::: Source records :::
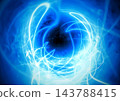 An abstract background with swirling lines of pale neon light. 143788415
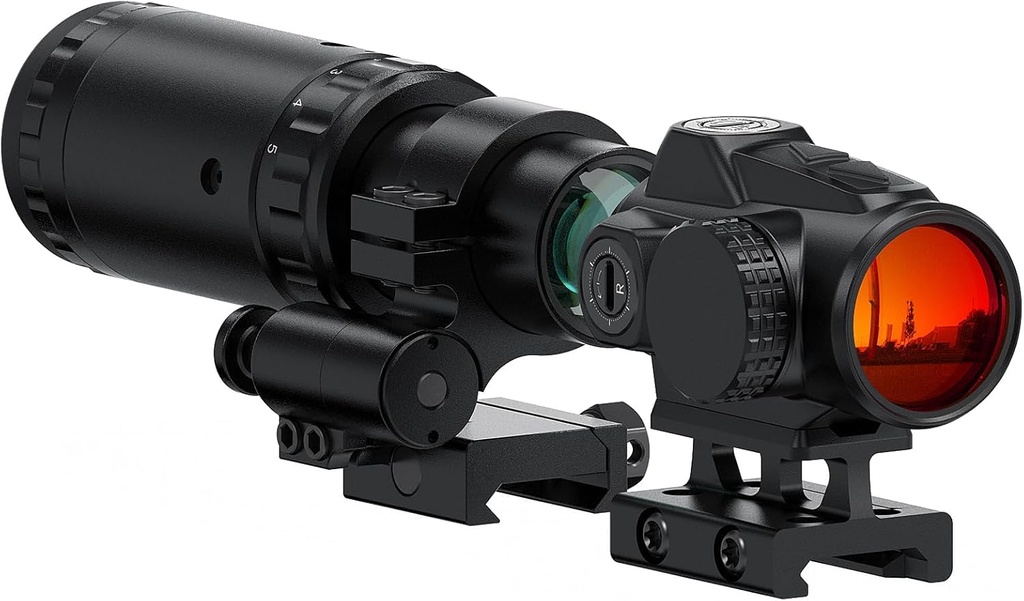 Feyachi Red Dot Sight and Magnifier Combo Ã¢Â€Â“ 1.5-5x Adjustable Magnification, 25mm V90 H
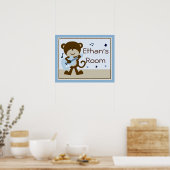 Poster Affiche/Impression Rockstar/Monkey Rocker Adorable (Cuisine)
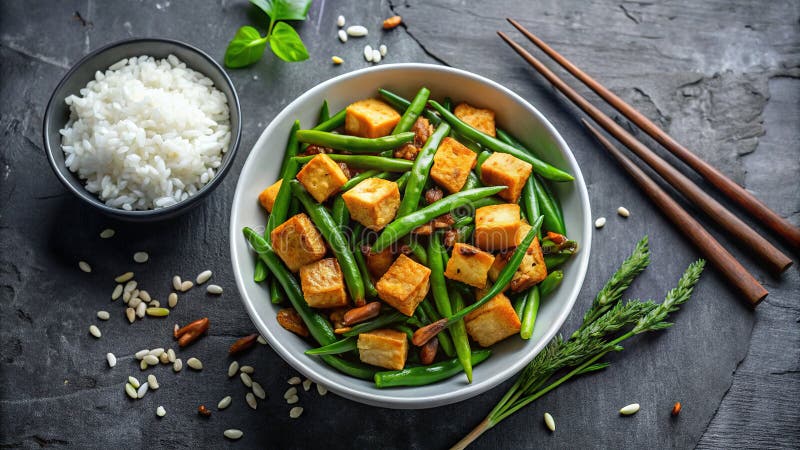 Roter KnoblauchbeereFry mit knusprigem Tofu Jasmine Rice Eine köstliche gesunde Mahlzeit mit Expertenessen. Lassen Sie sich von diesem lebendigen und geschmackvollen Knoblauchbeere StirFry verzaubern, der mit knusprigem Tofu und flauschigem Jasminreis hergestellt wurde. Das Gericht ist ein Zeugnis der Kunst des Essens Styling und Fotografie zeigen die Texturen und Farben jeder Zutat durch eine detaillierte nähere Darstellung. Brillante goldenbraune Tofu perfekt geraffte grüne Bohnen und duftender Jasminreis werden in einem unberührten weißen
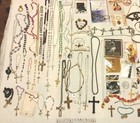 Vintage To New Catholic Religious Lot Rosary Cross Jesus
:::
> Aim of the task
Take the material above from the line bearing "Feyachi Red Dot" through the line bearing "Roter KnoblauchbeereFry mit" and write it out exactly, both end lines included. Pictures stay out.

> Exercise response
 Feyachi Red Dot Sight and Magnifier Combo Ã¢Â€Â“ 1.5-5x Adjustable Magnification, 25mm V90 H
 Poster Affiche/Impression Rockstar/Monkey Rocker Adorable (Cuisine)
 Roter KnoblauchbeereFry mit knusprigem Tofu Jasmine Rice Eine köstliche gesunde Mahlzeit mit Expertenessen. Lassen Sie sich von diesem lebendigen und geschmackvollen Knoblauchbeere StirFry verzaubern, der mit knusprigem Tofu und flauschigem Jasminreis hergestellt wurde. Das Gericht ist ein Zeugnis der Kunst des Essens Styling und Fotografie zeigen die Texturen und Farben jeder Zutat durch eine detaillierte nähere Darstellung. Brillante goldenbraune Tofu perfekt geraffte grüne Bohnen und duftender Jasminreis werden in einem unberührten weißen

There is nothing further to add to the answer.